See commentary typos below.
You did not state if you regression tested the patch?
Other than that it LGTM but i cannot approve it.

> diff --git a/libgfortran/io/async.h b/libgfortran/io/async.h
> index ad226c8e856..0033cc74252 100644
> --- a/libgfortran/io/async.h
> +++ b/libgfortran/io/async.h
> @@ -210,6 +210,128 @@
>      DEBUG_PRINTF ("%s" DEBUG_RED "ACQ:" DEBUG_NORM " %-30s %78p\n", aio_prefix, #mutex, mutex); \
>    } while (0)
>  
> +#ifdef __GTHREAD_RWLOCK_INIT
> +#define RWLOCK_DEBUG_ADD(rwlock) do {		\
> +    aio_rwlock_debug *n;				\
> +    n = xmalloc (sizeof(aio_rwlock_debug));	\

Missing space before the open brace: sizeof (

> diff --git a/libgfortran/io/unit.c b/libgfortran/io/unit.c
> index 82664dc5f98..62f1db21d34 100644
> --- a/libgfortran/io/unit.c
> +++ b/libgfortran/io/unit.c
> @@ -33,34 +33,36 @@ see the files COPYING3 and COPYING.RUNTIME respectively.  If not, see
>  
>  
>  /* IO locking rules:
> -   UNIT_LOCK is a master lock, protecting UNIT_ROOT tree and UNIT_CACHE.
> +   UNIT_RWLOCK is a master lock, protecting UNIT_ROOT tree and UNIT_CACHE.
> +   And use the rwlock to spilt read and write phase to UNIT_ROOT tree
> +   and UNIT_CACHE to increase CPU efficiency.

s/spilt/split.
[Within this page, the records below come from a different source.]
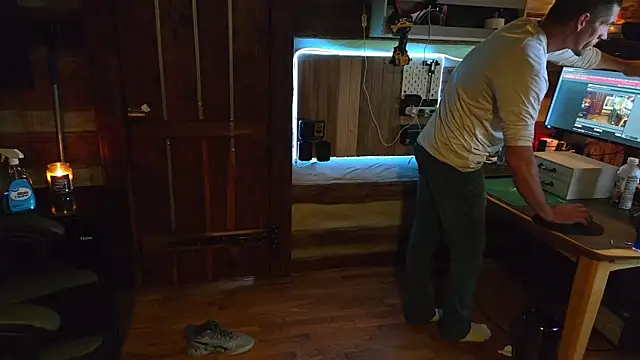 Snapshot of HARD_2QUIT chatting on October 2025 06:28:01 PM HARD 2QUIT online show from October 2025 06:28:01 PM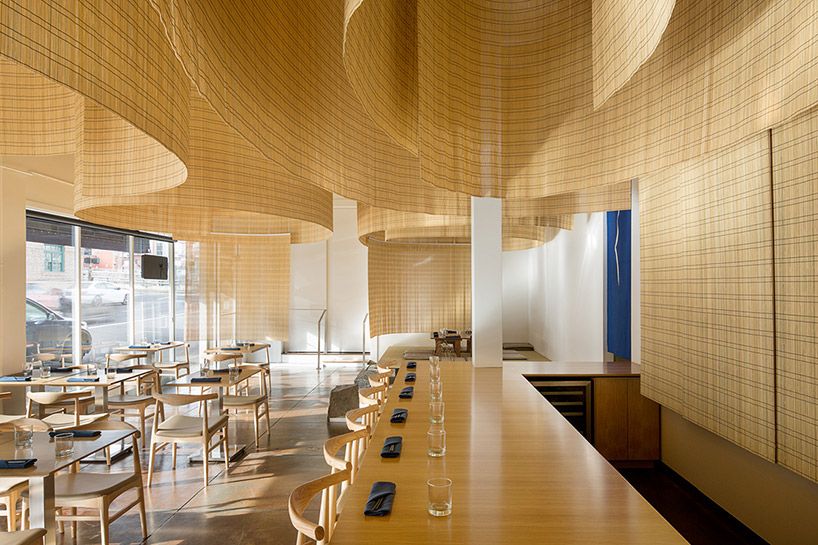 see kengo kuma's latest interior for a japanese restaurant in portland! designboom.com/architecture/k…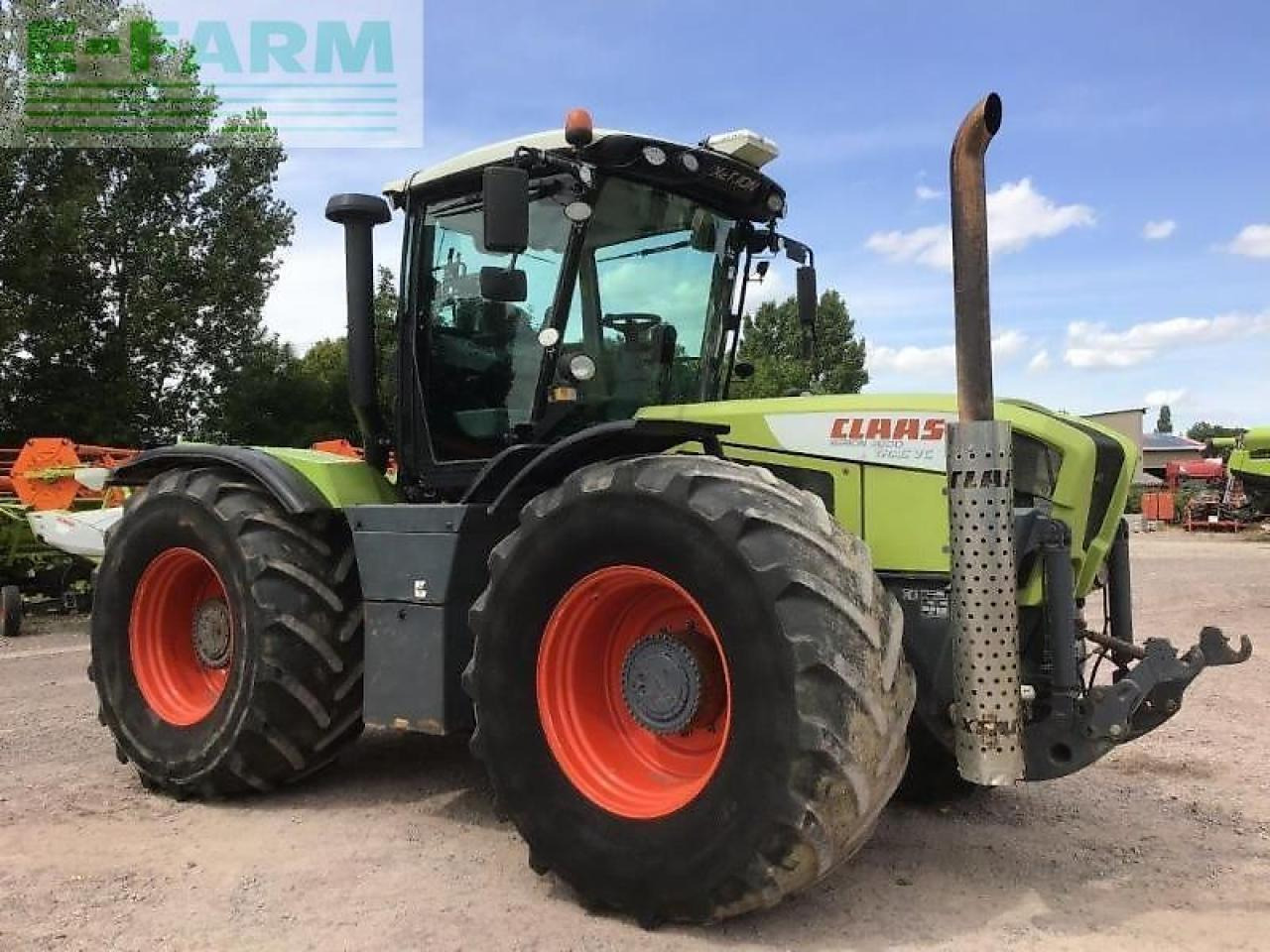 CLAAS xerion 3800 trac vc TRAC VC - Traktör: fotoğraf 2 CLAAS xerion 3800 trac vc TRAC VC - Traktör: fotoğraf 2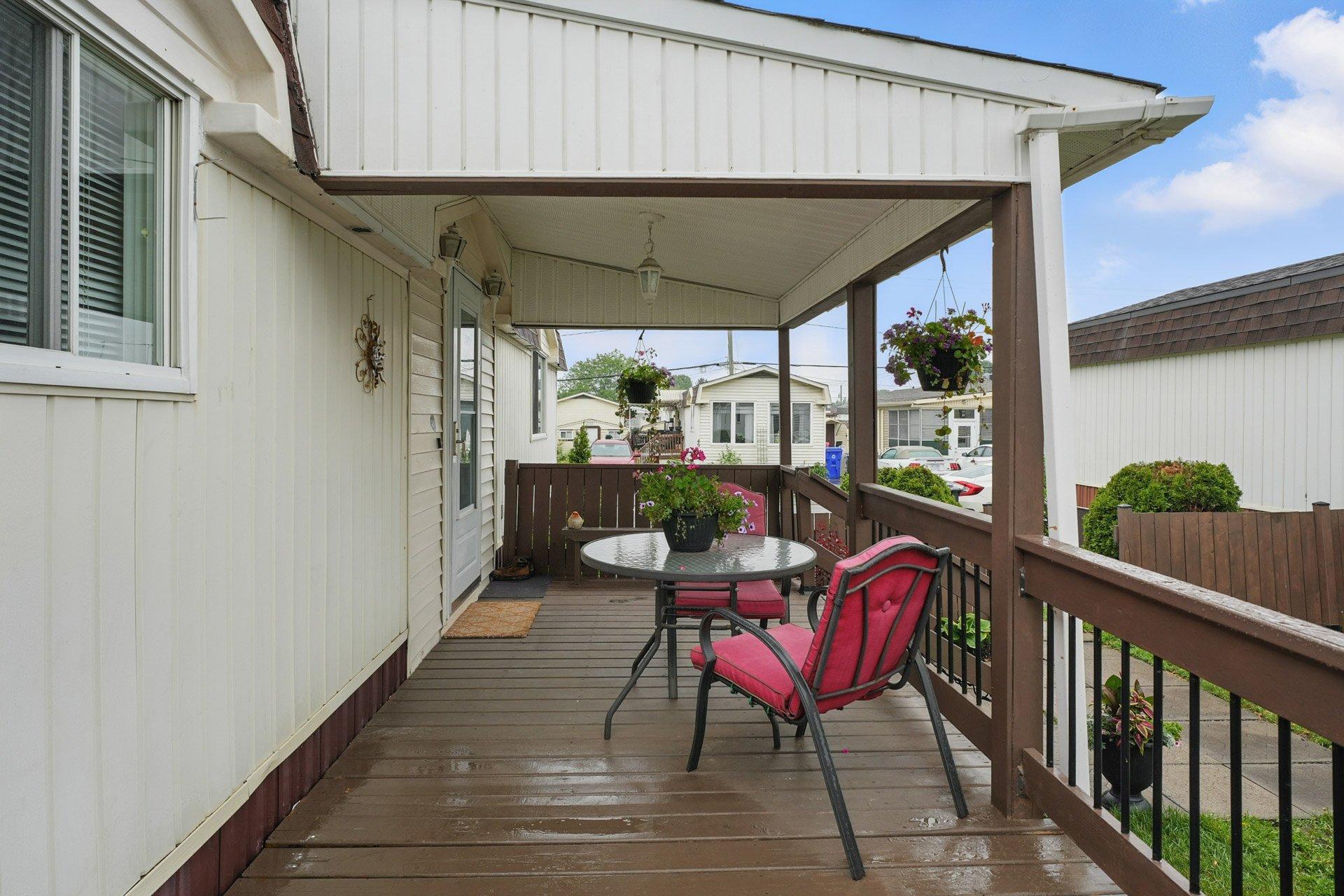 









44


10e Avenue O.

,
Gatineau (Gatineau),




QC
J8T6N3

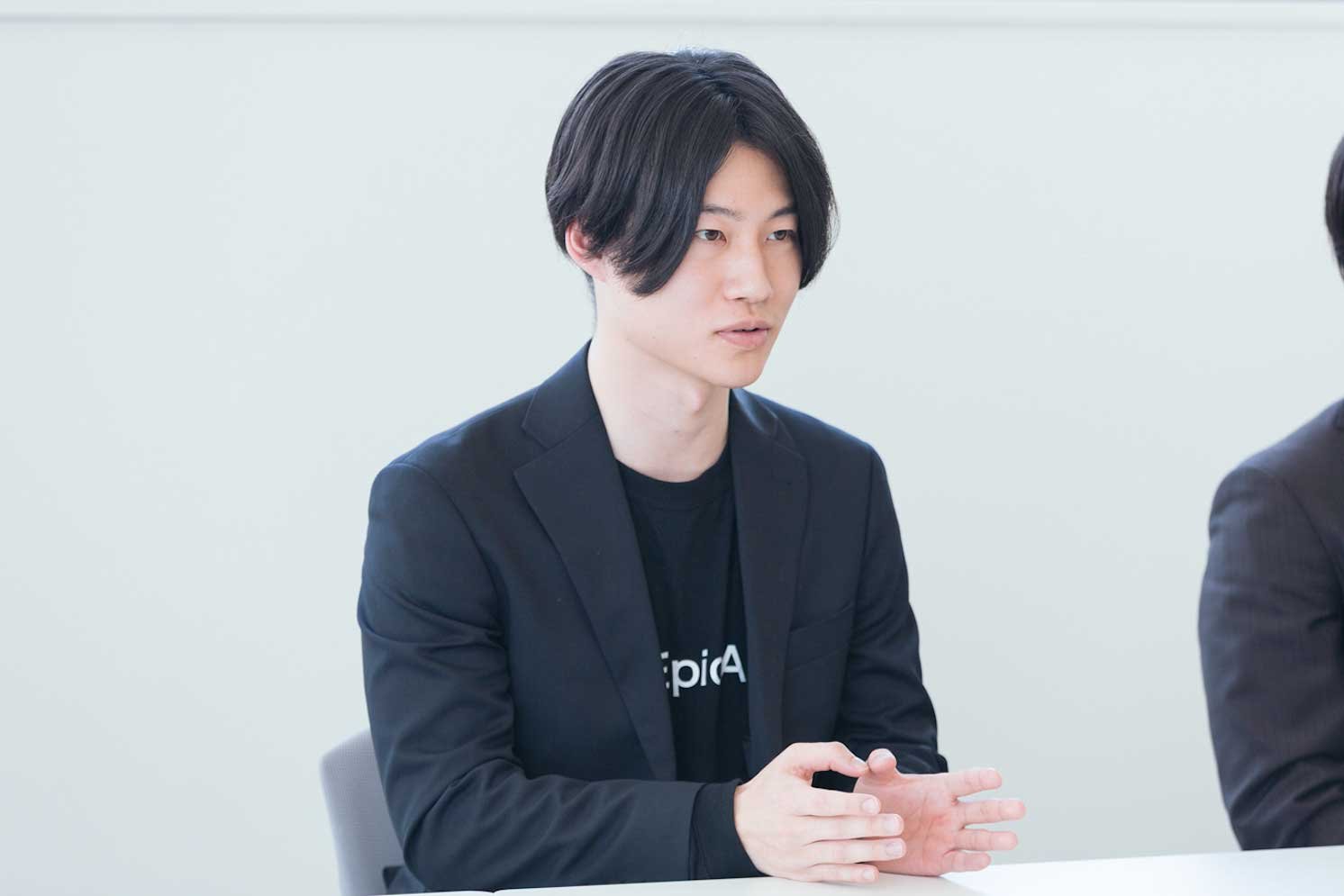 取材の様子の写真。横山氏 | Make New Magazine「未来の定番」をつくるために、パナソニックのリアルな姿を伝えるメディア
Maybe:

Using an rwlock improves efficiency by allowing us to separate readers
and writers of both UNIT_ROOT and UNIT_CACHE.

> @@ -350,6 +356,17 @@ retry:
>        if (c == 0)
>  	break;
>      }
> +  /* We did not find a unit in the cache nor in the unit list, create a new
> +    (locked) unit and insert into the unit list and cache.
> +    Manipulating either or both the unit list and the unit cache requires to
> +    hold a write-lock [for obvious reasons]:
> +    1. By separating the read/write lock, it will greatly reduce the contention
> +       at the read part, while write part is not always necessary or most
> +       unlikely once the unit hit in cache.

+    By separating the read/write lock, we will greatly reduce the contention
+    on the read part, while the write part is unlikely once the unit hits
+    the cache.

> +    2. We try to balance the implementation complexity and the performance
> +       gains that fit into current cases we observed by just using a
> +       pthread_rwlock. */

Let's drop 2.
thanks,